Transparency register would ensure responsible lobbying

Finland’s new government promises more interaction with broader audiences to improve the workings of our society. The new Government Programme includes an important objective: Finland should adopt a transparency register for lobbying – and be the first of the Nordic countries to do so.

A competent decision-maker is one who is regularly engaged in dialogue with many different groups of the society. A pluralistic approach will craft high-quality laws that serve people.

Decision-makers require diverse viewpoints on the consequences of their decisions. The best providers for this type of information include scientific experts, non-governmental organisations, and sector lobbyists, all specialists in their own fields.

According to Prime Minister Antti Rinne, the new government will not pretend prescience and claim to know the effectiveness of all measures beforehand. The ministers, who took their oaths of office in late May, are committed to searching for information and trying out different approaches to find the best solutions that benefit Finnish citizens.

Implementation of the new lobby register would improve transparency, reduce inappropriate attempts to influence decision-makers, and fortify the trust between the government and the citizens.

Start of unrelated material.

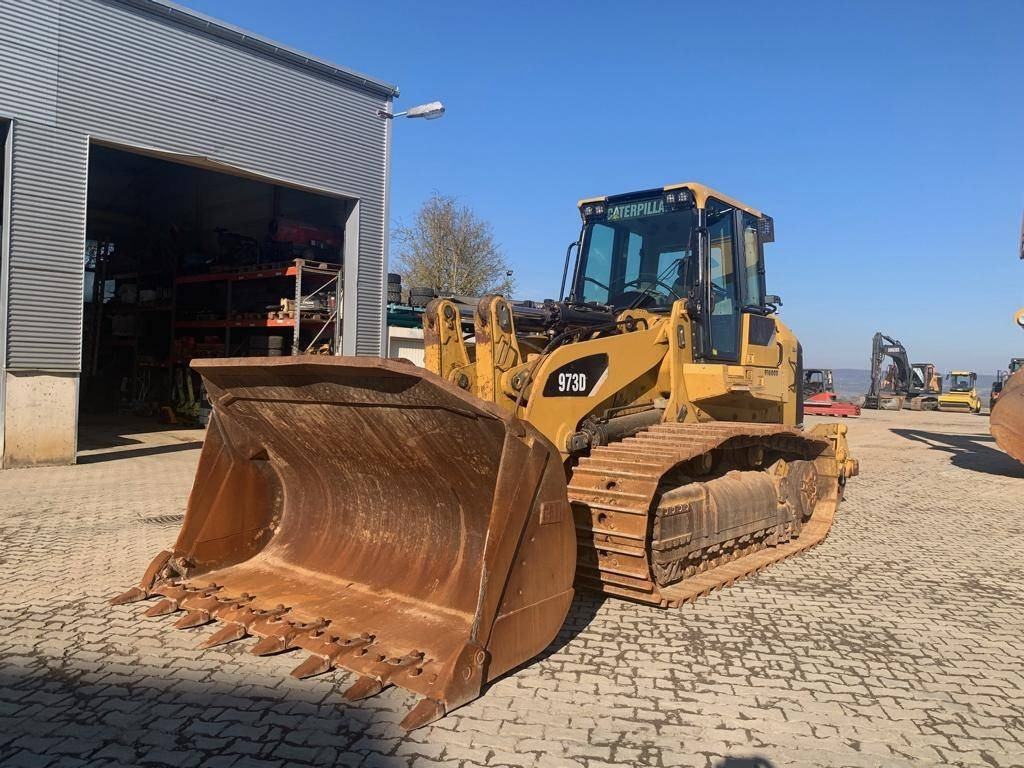 CAT 973 D - Pásový nakladač: obrázek 1 CAT 973 D - Pásový nakladač: obrázek 1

The register has the potential for a win-win scenario; citizens are better informed on which parties aim to influence Finnish decision-making, and decision-makers are better informed on the roles and funding sources of the different lobbyists.

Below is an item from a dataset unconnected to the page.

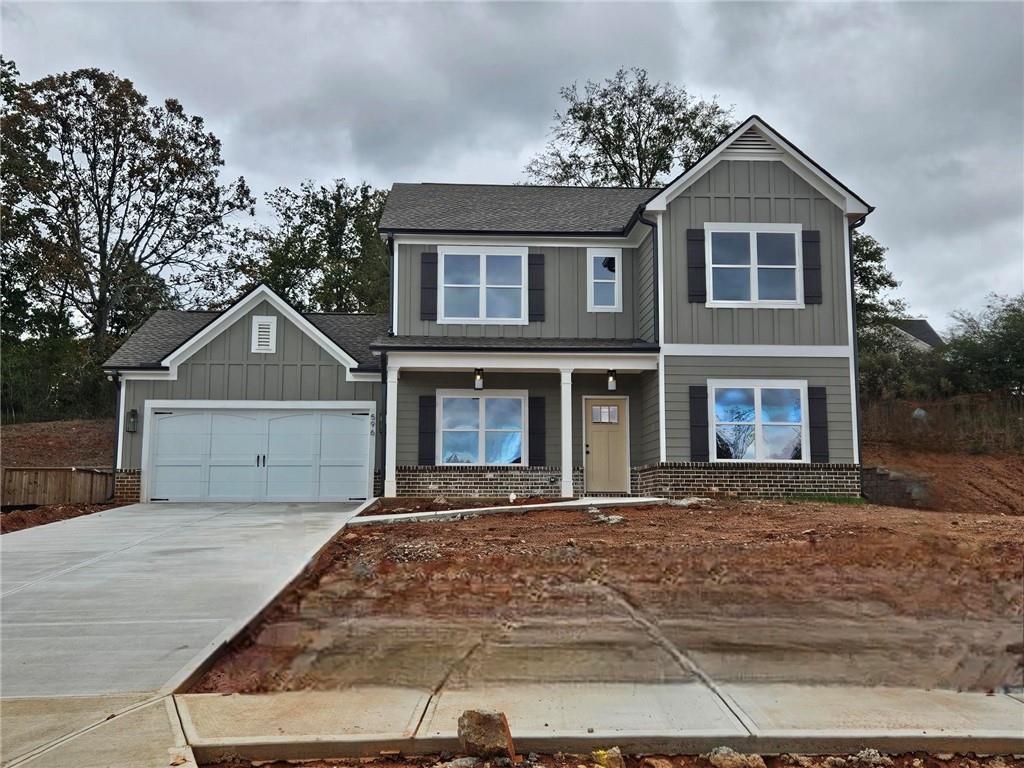 596 Calgary Downs Dr., Winder, GA 30680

From a legal perspective, some good groundwork has already been laid. Emilia Korkea-aho, associate professor at the University of Eastern Finland, and Paul Tiensuu, PHD researcher at the University of Helsinki, have studied lobby registers as a form of regulating lobbying activities.

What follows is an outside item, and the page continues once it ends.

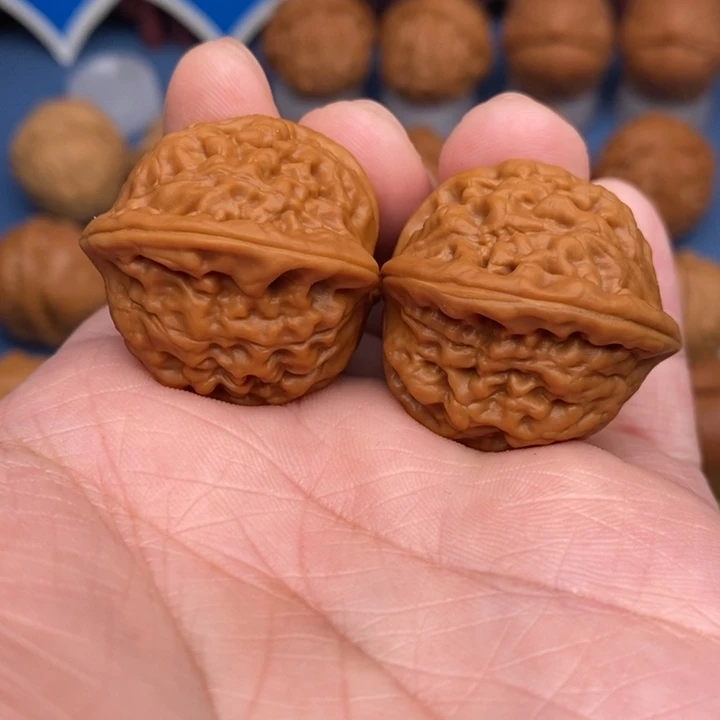 文玩核桃把件莲花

The introduction of the lobbying register and its legislative preparation were proposed earlier this year by a parliamentary working group led by then Speaker of Parliament Paula Risikko. According to the current Government Programme, the regulation will be based on parliamentary preparation and input from the civic society. The legislative work must be transparent and diligent, and it is important for the functionality of the register that lobbying organisations themselves are also heard in the process.

The Government Programme promises better transparency in all decision-making. Transparency is also connected with the important goal of making the work of lobbyists and other stakeholders more understandable, closer to everyday life. That is why Finland definitely needs a transparency register for lobbyists. It will be a cornerstone of modern, responsible lobbying.